Insert standard grumbles about why Usenet archives need to be
maintained without profit-motive. I wonder what sort of resource
consumption it uses up; somewhere in the back of my mind is the idea
that it might be worthwhile to start a nonprofit Usenet archive *now*
(although that's probably something that should've been done ages ago)..
-Rich
--
Rich Lafferty ----------------------------------------
Nocturnal Aviation Division, IITS Computing Services
Concordia University, Montreal, QC
ri...@bofh.concordia.ca -------------------------------
> Insert standard grumbles about why Usenet archives need to be maintained
> without profit-motive. I wonder what sort of resource consumption it
> uses up; somewhere in the back of my mind is the idea that it might be
> worthwhile to start a nonprofit Usenet archive *now* (although that's
> probably something that should've been done ages ago)..

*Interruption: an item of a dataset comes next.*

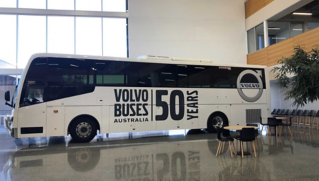 50 years Volvo Bus w livery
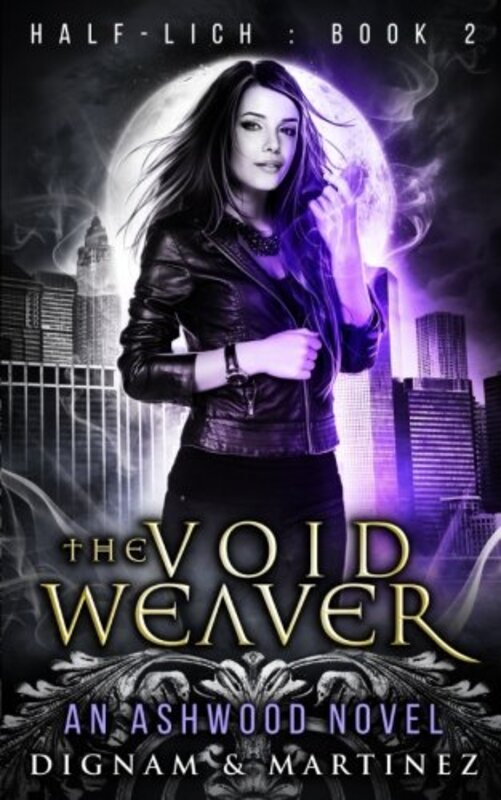 Book cover for "The Void Weaver" by Katerina Martinez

Depends on how much you want to archive, but text Usenet is probably
running around 2GB a day, very roughly. Other people likely have better
numbers.
So figure 500GB a year would do fine for a while at least with
compression.
50GB a year would probably be enough to handle the Big Eight at least
right now.
--
Russ Allbery (r...@stanford.edu) <http://www.eyrie.org/~eagle/>
Would it be possible to do this in some kind of distributed manner
like Pluribus or Napster? So, say, I could volunteer to archive a set
of groups that comes to around 4G or so, whilst someone with more
resources could archive a greater set? That way the load is spread,
and by careful overlapping, you get redundancy free.
--
r...@frottage.org
The only real problem as near as I can tell is the interface. If someone
can design a decent interface that doesn't involve having to run a
full-blown web server on each archiving box, that would go a long way.
NNTP isn't the right tool, unfortunately.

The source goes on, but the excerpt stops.